Rauchender Schornstein im Ruhrgebiet. (Foto: Jürgen PM/Pixabay)

Italien hat es bereits 2016 getan. Polen, Spanien, die Niederlande und Frankreich haben es in den letzten Wochen angekündigt. Nun will auch Deutschland aus dem Energiecharta-Vertrag aussteigen. Das haben die Fraktionen der Ampel-Regierung am Freitag beschlossen.

Der Schritt ist überfällig. Der aus den 1990er Jahren stammende Vertrag – englisch kurz ECT für Energy Charter Treaty – gilt völlig zu Recht als Anti-Klima-Abkommen. Er sichert Energiekonzernen außerordentliche Privilegien zu, die in krassem Widerspruch zu den Vereinbarungen des Paris-Abkommens stehen.

In dem Weltklimaabkommen verpflichten sich die Staaten, die Erderwärmung auf deutlich unter zwei Grad zu begrenzen, am besten auf 1,5 Grad. Gelingen kann das nur, wie der Weltklimarat IPCC in seinen Berichten unterstreicht, mit einem möglichst raschen Ausstieg aus Kohle, Öl und Erdgas als Hauptverursacher der Klimakrise.

Um diesen Ausstieg zu organisieren, müssen fossile Energien unattraktiver und teurer gemacht werden. Das ist die Grundidee bei der CO2-Bepreisung, etwa im EU-Emissionshandel, der 2005 eingeführt wurde.

Doch der Energiecharta-Vertrag bewirkt das Gegenteil. Durch ihn bleibt das fossile Geschäft weiterhin hoch lukrativ. Der notwendige Ausstieg wird stark erschwert und mit unkalkulierbaren Kosten belastet.

Der Vertrag erlaubt es Energieunternehmen, Staaten auf Milliarden-Entschädigungen zu verklagen, wenn diese neue Klimaschutzmaßnahmen beschließen. Dabei können die Firmen nicht nur für die Kosten Schadenersatz fordern, die ihnen bereits entstanden sind. Einklagen können sie auch die künftig erwarteten Gewinne, die ihnen nach eigenen Berechnungen entgehen.

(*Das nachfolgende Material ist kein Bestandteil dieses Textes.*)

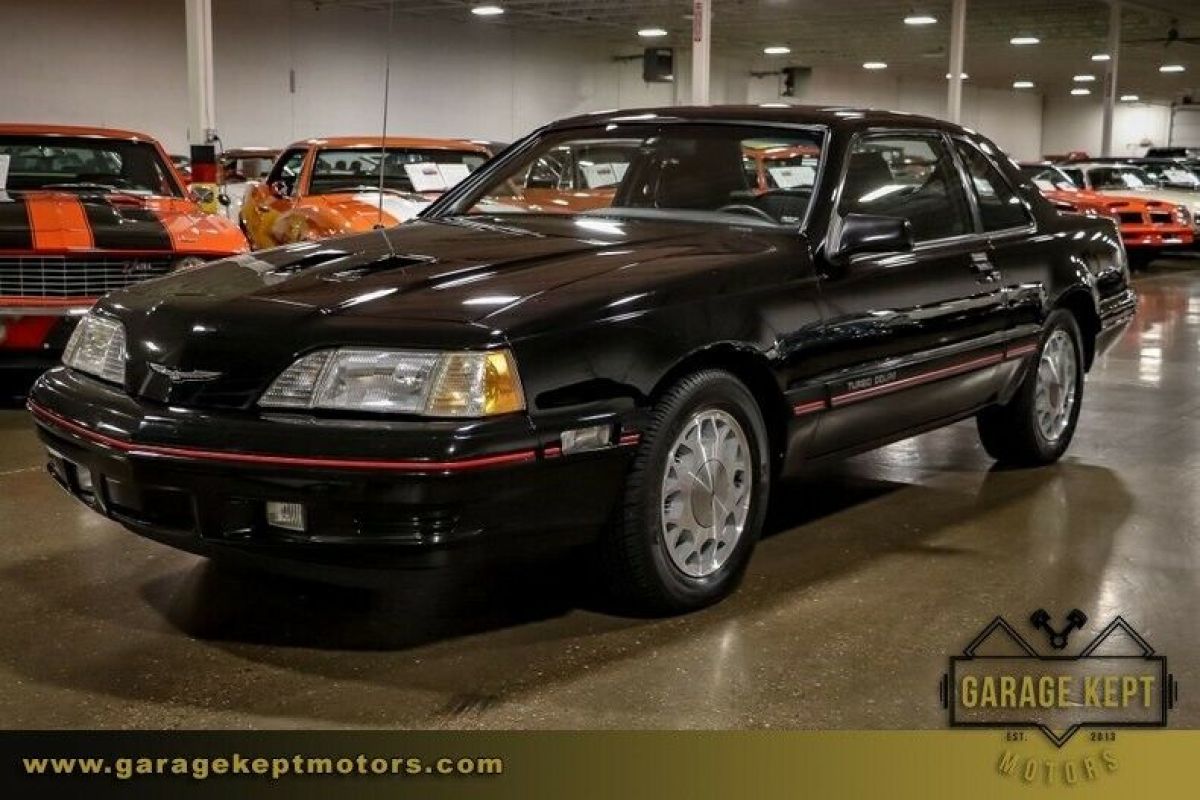 1988 Ford Thunderbird Turbo Coupe - photo 10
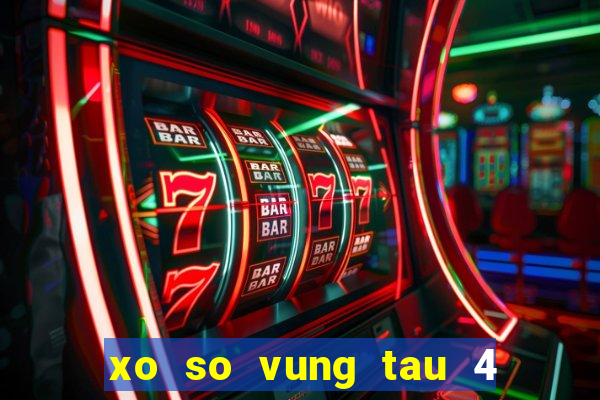 xo so vung tau 4 2 2024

Wie hoch das Klagepotenzial in Europa ist, hat der Journalistenverbund "Investigate Europe" letztes Jahr ausgerechnet. 344 Milliarden Euro beträgt demnach der Wert der Öl- und Gasfelder, der Kohlekraftwerke und Kohleminen sowie der Gaskraftwerke, Pipelines und Flüssigerdgas-Terminals in der EU, Großbritannien und der Schweiz, die durch den Energiecharta-Vertrag geschützt werden. Dabei sind die entgangenen künftigen Gewinne noch nicht eingerechnet.

Rechtlich fragwürdig

Privilegiert werden die Unternehmen auch dadurch, dass die Klagen vor internationalen Schiedsgerichten verhandelt werden, eine Art private Paralleljustiz ohne jede Transparenz. Die Verfahren werden vertraulich geführt, die Öffentlichkeit erfährt oft gar nicht, was mit ihren Steuergeldern geschieht.

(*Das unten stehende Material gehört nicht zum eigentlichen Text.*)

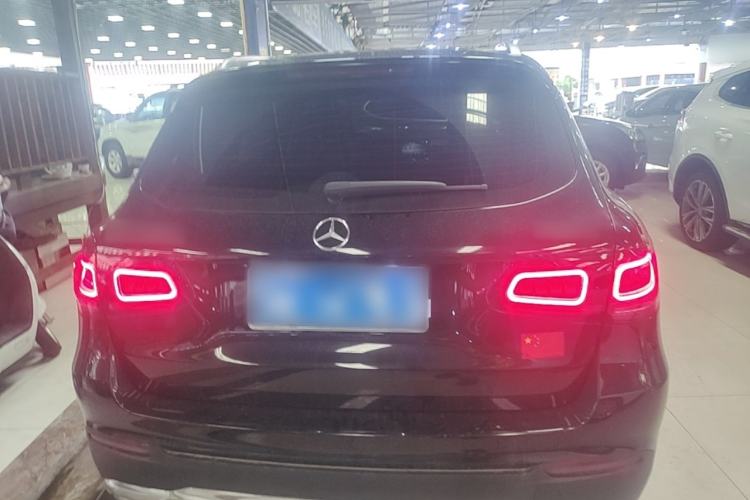Used Mercedes-Benz GLC 2020 GLC 260 L 4MATIC Dynamic Model Rear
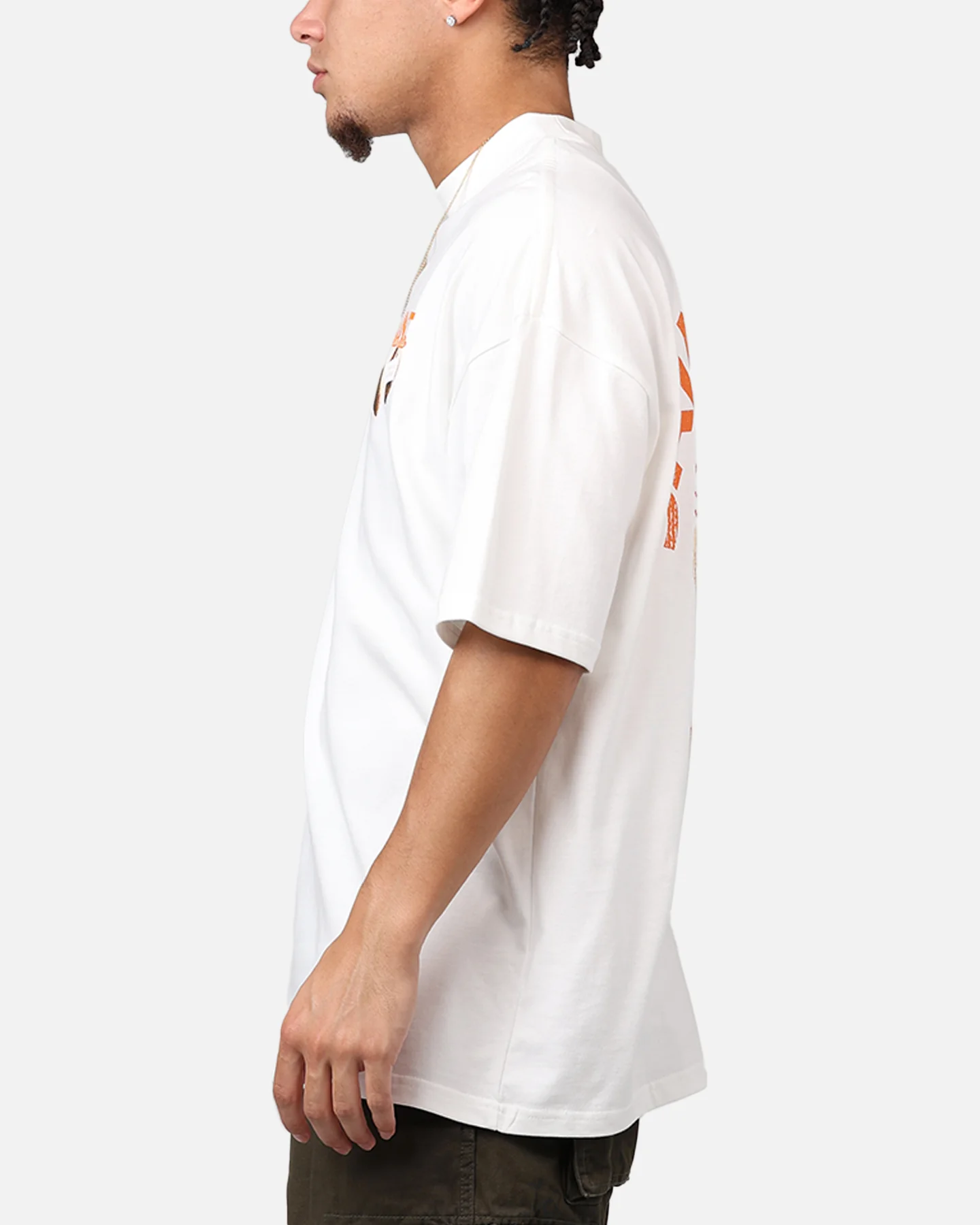 Saint Morta Real Fortunes T-Shirt Off White - Image 5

Und: Laut der Recherche von "Investigate Europe" ist an den Schiedsgerichten ein kleiner Zirkel von Anwält:innen tätig, "die mitunter in den Verfahren mal als Schiedsrichter und mal als Anwalt fossiler Konzerne arbeiten". Zudem sollen Mitarbeitende in der Verwaltung des Energiecharta-Vertrages enge Verbindungen zu fossilen Konzernen pflegen.

Wenig überraschend gehen die meisten Verfahren denn auch zugunsten der Unternehmen aus, wie eine Studie des kanadischen Thinktanks International Institute for Sustainable Development (IISD) kürzlich ergab.

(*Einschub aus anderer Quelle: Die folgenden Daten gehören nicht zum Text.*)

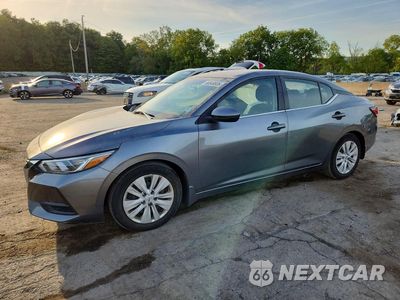 2021 NISSAN SENTRA S 3N1AB8BV1MY318696 - główne zdjęcie licytacji z USA - miniatura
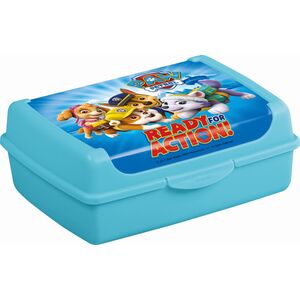 Δοχείο αποθήκευσης τροφίμων deco-click-box midi 1L Olek "Paw Patrol" 17x13x7cm μπλε 4052396031225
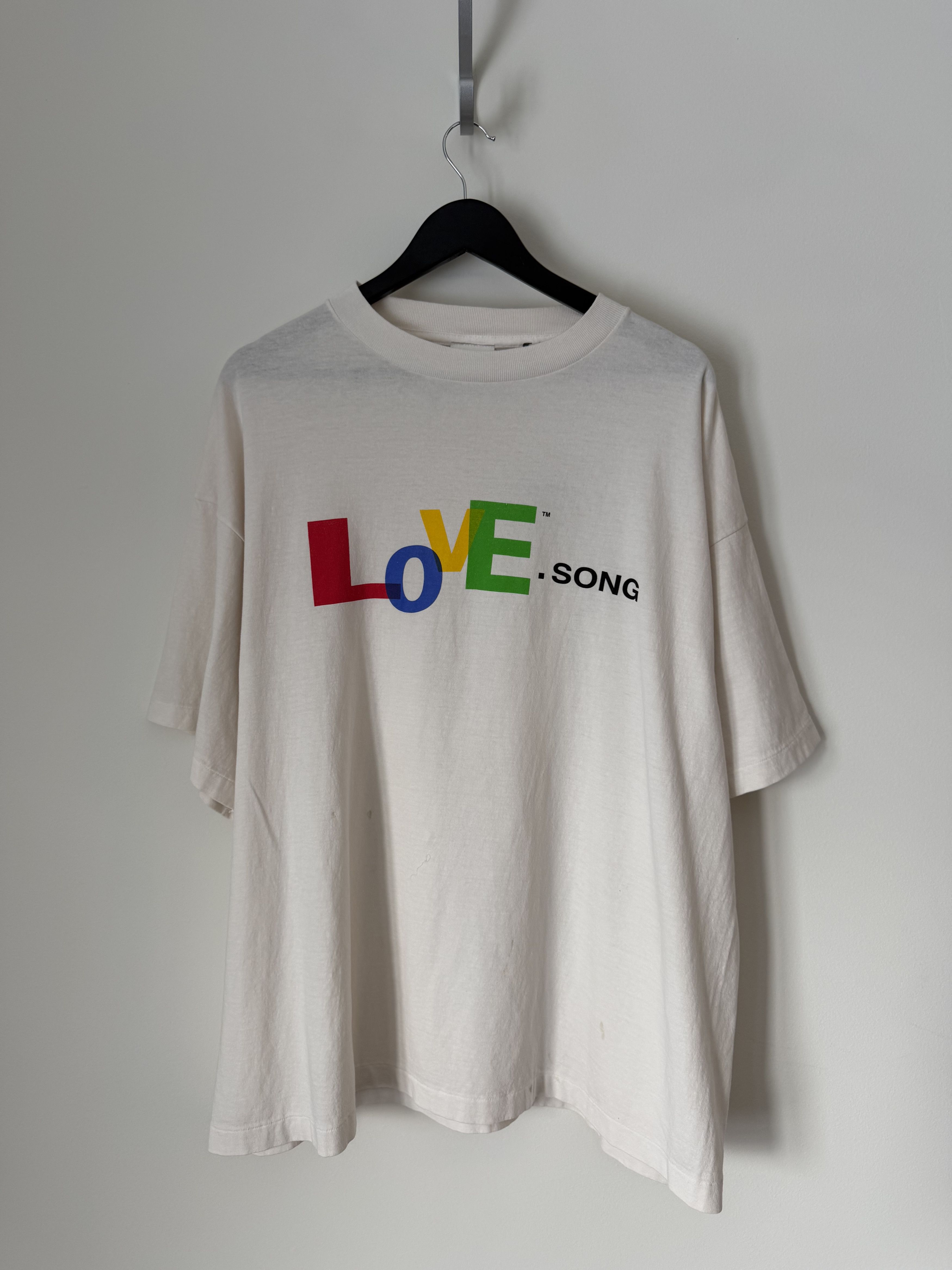 Saint Michael SAINT MXXXXXX APPLE HEART PRINT T-SHIRT | Grailed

Solange fossilen Geschäften derart weitreichende Vorteile eingeräumt werden, kann es mit dem Klimaschutz bestenfalls im Schneckentempo vorangehen. Die umfassende Absicherung, die der ECT dieser Art von wirtschaftlicher Tätigkeit garantiert, setzt einen massiven Anreiz, die Ausbeutung fossiler Brennstoffe fortzuführen – weil damit so einfach und quasi risikolos Geld zu verdienen ist.

Schon vor 30 Jahren, als der Energiecharta-Vertrag entstand, war diese überproportionale Privilegierung für Geschäfte mit Kohle, Öl und Erdgas fragwürdig. In Zeiten der Klimakrise ist sie unverantwortlich.

Das Verursacherprinzip gebietet es, die fossilen Energieunternehmen für die exorbitanten Kosten heranzuziehen, die durch ihr Geschäftsmodell entstehen, statt sie durch Investitionsschutz-Verträge wie den ECT noch weiter zu fördern.